Common Regular Expressions Handbook

Rahul Nayak
3 min readSep 12, 2019

A regular expression is a sequence of characters used for parsing and manipulating strings.

Regular expressions are such an incredibly convenient tool, available across so many languages that most developers will learn them sooner or later.

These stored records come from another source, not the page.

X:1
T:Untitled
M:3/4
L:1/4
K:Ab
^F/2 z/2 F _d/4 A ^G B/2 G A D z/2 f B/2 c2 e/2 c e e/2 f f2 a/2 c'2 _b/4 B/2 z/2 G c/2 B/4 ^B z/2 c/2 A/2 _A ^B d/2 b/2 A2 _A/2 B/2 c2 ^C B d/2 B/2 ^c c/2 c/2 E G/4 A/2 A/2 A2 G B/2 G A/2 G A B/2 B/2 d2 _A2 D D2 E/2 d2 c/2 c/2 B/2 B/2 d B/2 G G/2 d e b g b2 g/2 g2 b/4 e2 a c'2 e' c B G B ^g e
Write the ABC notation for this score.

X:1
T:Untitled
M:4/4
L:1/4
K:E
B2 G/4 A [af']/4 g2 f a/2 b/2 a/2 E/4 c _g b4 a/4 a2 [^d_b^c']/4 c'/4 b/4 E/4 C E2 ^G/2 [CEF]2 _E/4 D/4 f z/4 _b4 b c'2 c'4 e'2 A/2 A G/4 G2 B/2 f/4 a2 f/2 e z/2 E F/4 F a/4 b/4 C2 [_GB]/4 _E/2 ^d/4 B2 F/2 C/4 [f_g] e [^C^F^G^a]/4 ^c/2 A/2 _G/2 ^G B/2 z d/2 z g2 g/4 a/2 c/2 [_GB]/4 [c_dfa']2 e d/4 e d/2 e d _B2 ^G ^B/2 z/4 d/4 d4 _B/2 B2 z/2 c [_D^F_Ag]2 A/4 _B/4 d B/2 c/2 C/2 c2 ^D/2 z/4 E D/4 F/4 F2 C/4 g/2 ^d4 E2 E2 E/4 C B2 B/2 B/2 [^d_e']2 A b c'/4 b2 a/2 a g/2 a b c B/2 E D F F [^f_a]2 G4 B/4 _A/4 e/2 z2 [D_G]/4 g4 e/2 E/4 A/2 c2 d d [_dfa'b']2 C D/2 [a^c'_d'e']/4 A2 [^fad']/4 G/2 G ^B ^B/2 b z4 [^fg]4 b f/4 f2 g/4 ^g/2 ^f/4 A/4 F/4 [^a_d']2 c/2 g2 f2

Fields of application of regular expressions ranges from validation to parsing/replacing strings, capturing specific strings and web scraping.

Background Info on Regular Expressions

This is what Wikipedia has to say about them:

In computing, regular expressions provide a concise and flexible means for identifying strings of text of interest, such as particular characters, words, or patterns of characters. Regular expressions (abbreviated as regex or regexp, with plural forms regexes, regexps, or regexen) are written in a formal language that can be interpreted by a regular expression processor, a program that either serves as a parser generator or examines text and identifies parts that match the provided specification.

In this article, we will go over some most common regular expressions which coders use to perform their tasks often. Before that we will understand what some symbols mean in regular expressions.

Regular Expressions Cheat Sheet

Common Regular Expressions

Digits

  • Whole Numbers — ^\d+$
  • Decimal Numbers — ^\d*\.\d+$
  • Whole + Decimal Numbers — ^\d*(\.\d+)?$
  • Negative, Positive Whole + Decimal Numbers — ^-?\d*(\.\d+)?$
  • Whole + Decimal + Fractions — [-]?[0-9]+(\.)?[0-9]*([\/][0-9]+[,.]?[0-9]*)*

Alphanumeric Characters

^[a-zA-Z0-9]*$

Email

^([a-zA-Z0–9._%-]+@[a-zA-Z0–9.-]+\.[a-zA-Z]{2,6})*$

Password Strength

A strong password should have 1 lowercase letter, 1 uppercase letter, 1 number, 1 special character and be at least 8 characters long.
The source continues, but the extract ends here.